Not long before his death, Tom recalled his early years in conversations with his son Michael: "We lived in Pitt Street. There wasn’t even a radio in those days, so you had to make your own entertainment.

“We used to have brick fights against the Corporation Street kids. There was a big area of rough ground at the bottom of the street. We dug holes to look like trenches and threw stones at each other.

"We used to play ‘thrippit’– hitting a wooden peg with a stick – cricket and football, but God help you if you broke a window. The owner would give you a right pasting.

"Johnny Haydock’s pop bottle works was close by and we'd scrabble around in the tip for the glass stoppers which we used for playing marbles.

"We also used to take the mickey out of our neighbours by playing ‘nick-nack’ – tying a linen thread from a bobbin to a door knocker and ‘knocking’ while hiding round the corner —and we would stuff newspaper up a drainpipe and then set it on fire. The roar it made as flame rushed up the pipe was amazing.

He recollected, too: "May Day meant a maypole – and a collection. We would get a couple of hoops from a butter tub and decorate them up with paper and have a maypole.

“The gang would then dance round singing and I did the collecting. The dancers would get half and I would get half. I suppose that was the start of my business acumen."

Pets? The only pet that Tom, his younger brother Joe and kid sisters Maggie and Mabel ever had was a cricket that used to live up the chimney.

When John Albert finally came home from the war the government set him up as a cobbler.
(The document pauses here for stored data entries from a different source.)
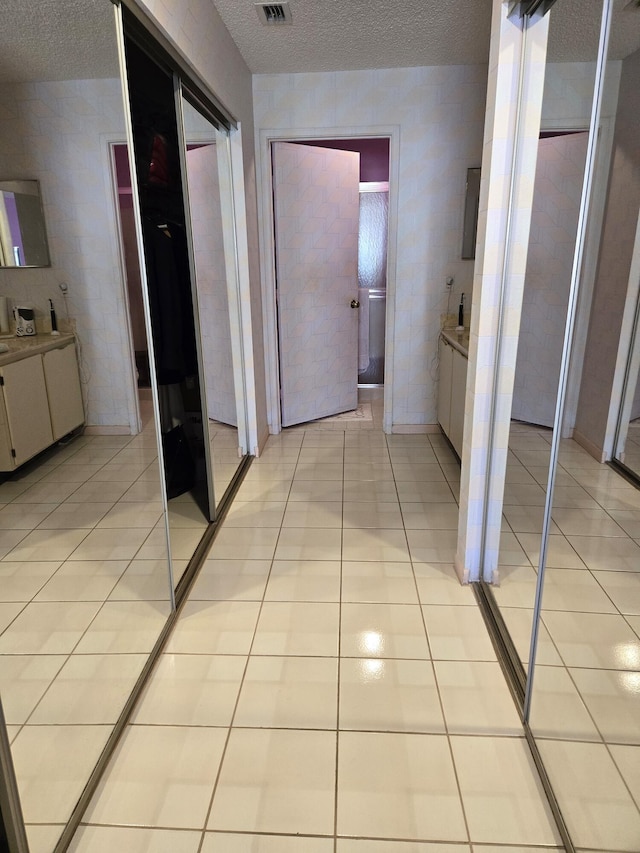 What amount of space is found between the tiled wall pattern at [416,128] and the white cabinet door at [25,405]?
3385 mm

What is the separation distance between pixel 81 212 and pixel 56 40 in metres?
0.37

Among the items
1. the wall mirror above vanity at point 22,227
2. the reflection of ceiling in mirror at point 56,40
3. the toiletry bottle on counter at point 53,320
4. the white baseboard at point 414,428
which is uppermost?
the reflection of ceiling in mirror at point 56,40

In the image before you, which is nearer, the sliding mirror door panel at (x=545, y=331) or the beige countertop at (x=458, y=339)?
the sliding mirror door panel at (x=545, y=331)

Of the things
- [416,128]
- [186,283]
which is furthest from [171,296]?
[416,128]

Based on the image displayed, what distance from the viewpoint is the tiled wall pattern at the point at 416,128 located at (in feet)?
13.1

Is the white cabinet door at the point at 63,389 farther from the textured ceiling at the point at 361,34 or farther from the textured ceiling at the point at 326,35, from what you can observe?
the textured ceiling at the point at 361,34

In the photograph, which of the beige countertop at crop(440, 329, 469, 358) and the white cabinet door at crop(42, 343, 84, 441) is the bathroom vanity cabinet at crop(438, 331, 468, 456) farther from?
the white cabinet door at crop(42, 343, 84, 441)

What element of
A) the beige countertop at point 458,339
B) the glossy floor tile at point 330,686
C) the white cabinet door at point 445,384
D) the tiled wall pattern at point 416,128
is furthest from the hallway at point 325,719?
the tiled wall pattern at point 416,128

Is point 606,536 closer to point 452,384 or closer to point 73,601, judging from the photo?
point 73,601

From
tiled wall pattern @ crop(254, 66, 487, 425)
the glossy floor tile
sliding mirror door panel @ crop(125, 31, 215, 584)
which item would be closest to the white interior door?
tiled wall pattern @ crop(254, 66, 487, 425)

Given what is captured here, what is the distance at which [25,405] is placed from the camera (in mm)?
1276

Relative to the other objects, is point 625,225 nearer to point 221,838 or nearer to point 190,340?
point 221,838

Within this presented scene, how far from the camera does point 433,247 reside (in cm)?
426

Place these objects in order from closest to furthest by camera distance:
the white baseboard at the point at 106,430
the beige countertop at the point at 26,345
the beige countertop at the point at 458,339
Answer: the beige countertop at the point at 26,345 → the white baseboard at the point at 106,430 → the beige countertop at the point at 458,339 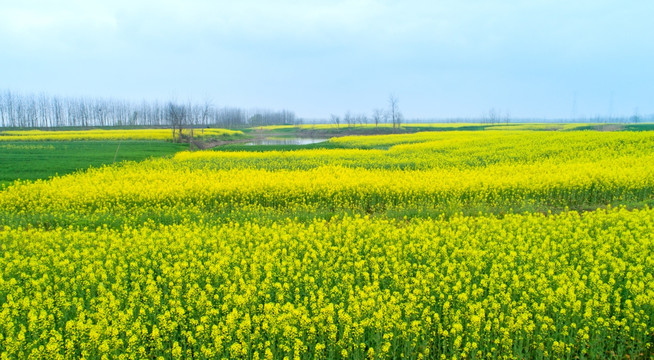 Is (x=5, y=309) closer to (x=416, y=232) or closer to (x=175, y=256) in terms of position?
(x=175, y=256)

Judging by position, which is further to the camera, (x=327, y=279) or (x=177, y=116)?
(x=177, y=116)

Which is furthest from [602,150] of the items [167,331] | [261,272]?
[167,331]

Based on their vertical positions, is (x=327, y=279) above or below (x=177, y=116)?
below

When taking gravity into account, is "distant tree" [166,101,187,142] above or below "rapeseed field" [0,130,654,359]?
above

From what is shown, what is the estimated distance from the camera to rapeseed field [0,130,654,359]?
17.6 feet

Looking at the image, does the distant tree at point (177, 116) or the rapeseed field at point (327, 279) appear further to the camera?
the distant tree at point (177, 116)

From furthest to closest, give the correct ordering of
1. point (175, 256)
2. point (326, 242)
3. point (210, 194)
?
point (210, 194)
point (326, 242)
point (175, 256)

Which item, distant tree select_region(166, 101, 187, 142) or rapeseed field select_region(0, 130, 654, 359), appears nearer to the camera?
rapeseed field select_region(0, 130, 654, 359)

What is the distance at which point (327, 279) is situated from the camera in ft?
23.0

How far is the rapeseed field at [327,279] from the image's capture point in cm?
538

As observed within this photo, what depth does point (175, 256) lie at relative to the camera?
26.7 ft

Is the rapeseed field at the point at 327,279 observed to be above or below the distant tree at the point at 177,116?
below

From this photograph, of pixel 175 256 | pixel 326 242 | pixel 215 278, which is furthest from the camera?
pixel 326 242

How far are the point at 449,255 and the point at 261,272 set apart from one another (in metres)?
3.73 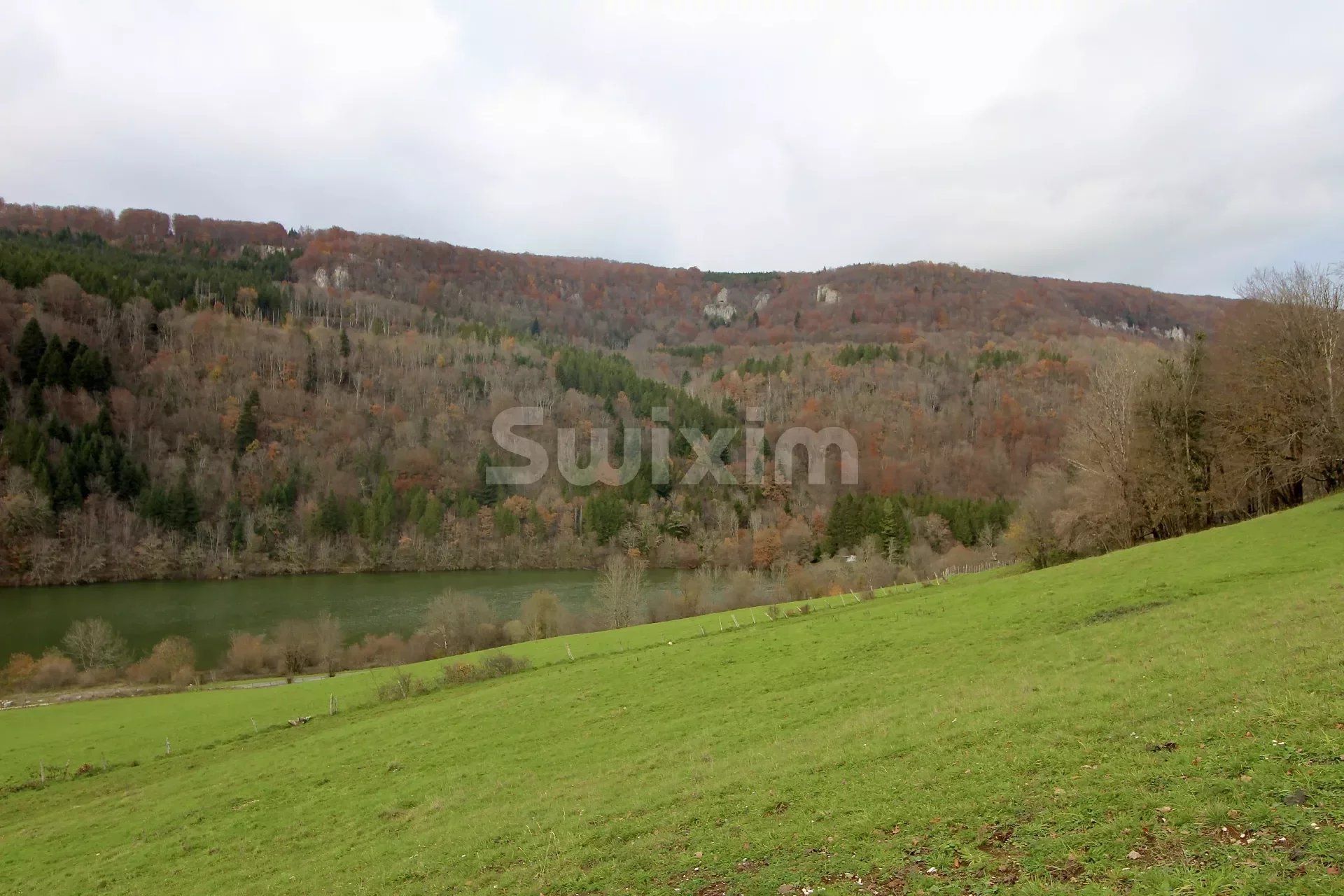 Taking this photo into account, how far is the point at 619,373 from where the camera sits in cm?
17375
But it was hard and money was tight.

Said Tom: "If, at tea-time, you put more than a level spoon of sugar in your tea, my father would lean over the table and give us such a bloody belt."

Tom recalled vividly the outside toilet, just a deep hole with a wooden seat that was emptied from time to time. Boys' camp was a luxury although they had to wash in a nearby stream.

Any poor children's treat – he was on it!

John Albert and his wife Bertha couldn't afford carpets or lino and had to make do with a pennyworth of sand sprinkled on the stone floors.

Scores of folk would scavenge for bits of coal over the Hoddlesden Moor, little Tommy among them. Christmas presents were perhaps an apple or an orange.

It wasn't long before the nails in his father's leg began to rust and eventually he suffered from kidney fits and ended his days in a military hospital in Rusholme.

Tom was 13 when he went down to the post office to pick up a telegram informing the family of his death.

Tom's hair fell out with the strain of it all and he was 21 before it grew back.

He was still running four looms at Olive Lane Mill but then he started selling door to door all over the country — silk stockings at first and then anything and everything.

His charm and confidence paid off and eventually, after a few hilarious years in engineering, he started making fancy goods and trinkets out of plastic.

It was the start of very successful business ventures which led to a big house at the top of Hawkshaw Avenue in Darwen, the presidency of Darwen Golf Club, world travel, and wealth which would have been beyond his wildest dreams as a child.

The rags-to-riches line could have been coined for Tom Harwood. But he worked for every penny. He was 95 when he died a few years ago.

He was my uncle – and I thought the world of him.